Inconsistent characterization
The 2014 standard applies only to revenue from “reciprocal” (otherwise known as “exchange”) transactions. But nonprofits characterize certain revenue items such as grants differently. Some organizations may treat a government grant as a reciprocal transaction and others may treat a similar grant as a “nonreciprocal” transaction.

There’s also some inconsistency in how nonprofits distinguish between conditional and unconditional contributions. Contributions are considered nonreciprocal, meaning they don’t fall within the rules of the standard. Instead, nonprofits generally report promised contributions in the period they receive the pledge. Donor restrictions on how or when the funds may be used don’t change the timing of recognition. But when the donor’s gift is available only after certain requirements are met by the organization, the timing may be different. Nonprofits shouldn’t recognize a conditional promise to give as revenue until the conditions are substantially satisfied.

Granting clarity
The new ASU first addresses the issue of when a grant or similar contract should be characterized as a reciprocal exchange and when it should be considered a contribution. The critical question is whether the “resource provider” (generally, a grantmaker) receives value in return for the resource provided (grant). If so, the transaction is an exchange.

But most transactions of this type are, in fact, contributions. Indirect benefits to the public or execution of the resource provider’s mission shouldn’t be considered exchanges of commensurate value. Note, however, that payments from third parties as part of an existing exchange transaction (such as those with Medicare) may follow different rules.

Defining “conditional”
The FASB’s guidance also tackles conditional contributions. It instructs nonprofits to ask whether a contribution agreement:

  1. Stipulates barriers that must be overcome, such as a performance-related hurdle or rules that the organization must follow when using the contribution, and
  2. Releases the donor from the obligation to transfer the assets or provides the donor with the right to demand their return if the barriers aren’t overcome.

If your agreement contains these items, your nonprofit isn’t entitled to the transferred assets until it has met the contributor’s conditions.

Finally, a simultaneous release option would allow nonprofits that receive and use grants within the same period to report them as unrestricted net assets.
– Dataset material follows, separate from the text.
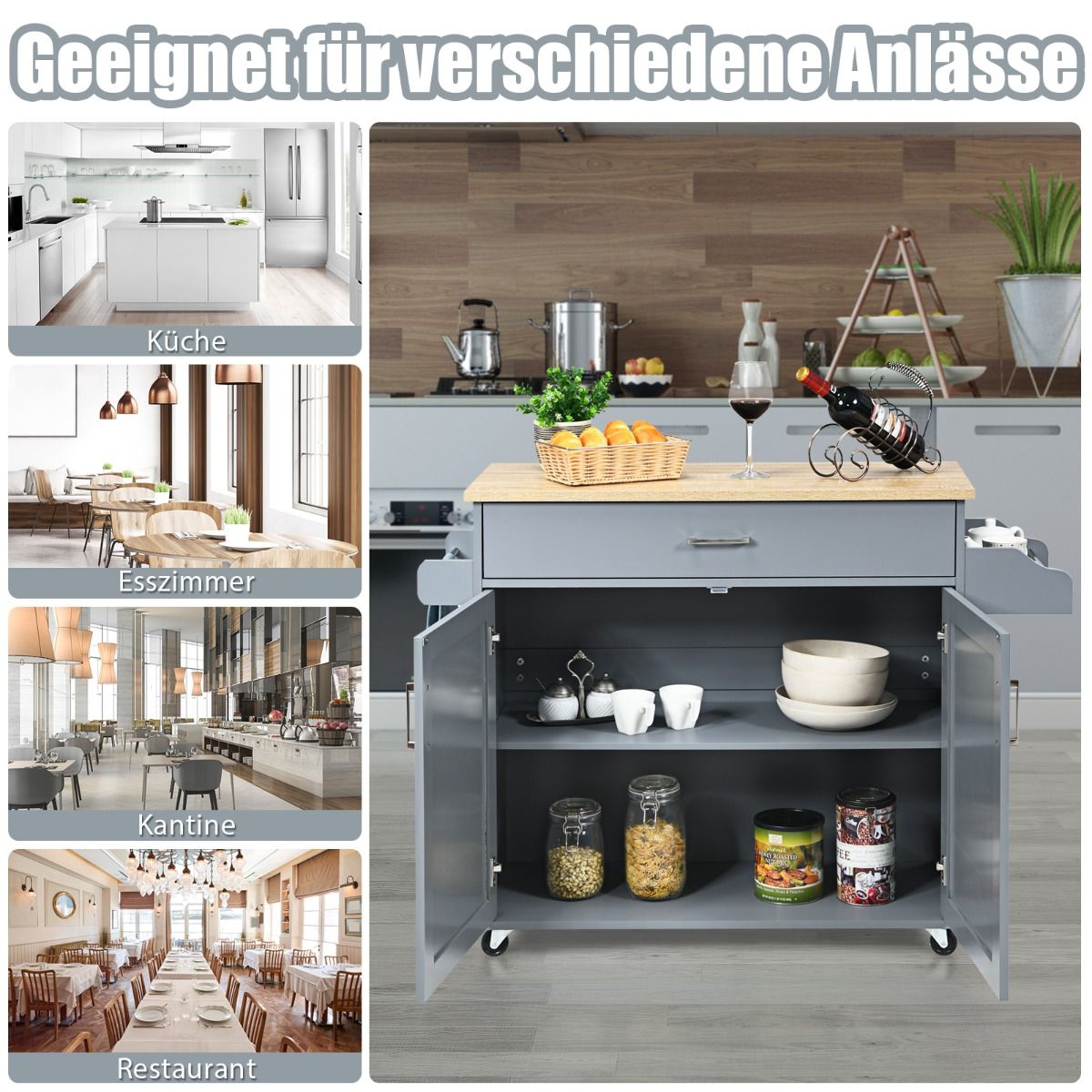 Kücheninsel, Küchenwagen mit arbeitsplatte, Kücheninsel-Wagen rollender Aufbewahrungswagen großer Schrank, Grau Natur, Costway, 6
A similar option has been available, but now your nonprofit may elect it for all restricted contributions that were initially classified as conditional without electing it for all other restricted contributions and investment returns.

More contributions likely
The FASB speculates that ASU 2018-08 will result in more grants being characterized as contributions — often conditional contributions — rather than exchanges. For most organizations, the guidance applies to annual reporting periods beginning after December 15, 2018.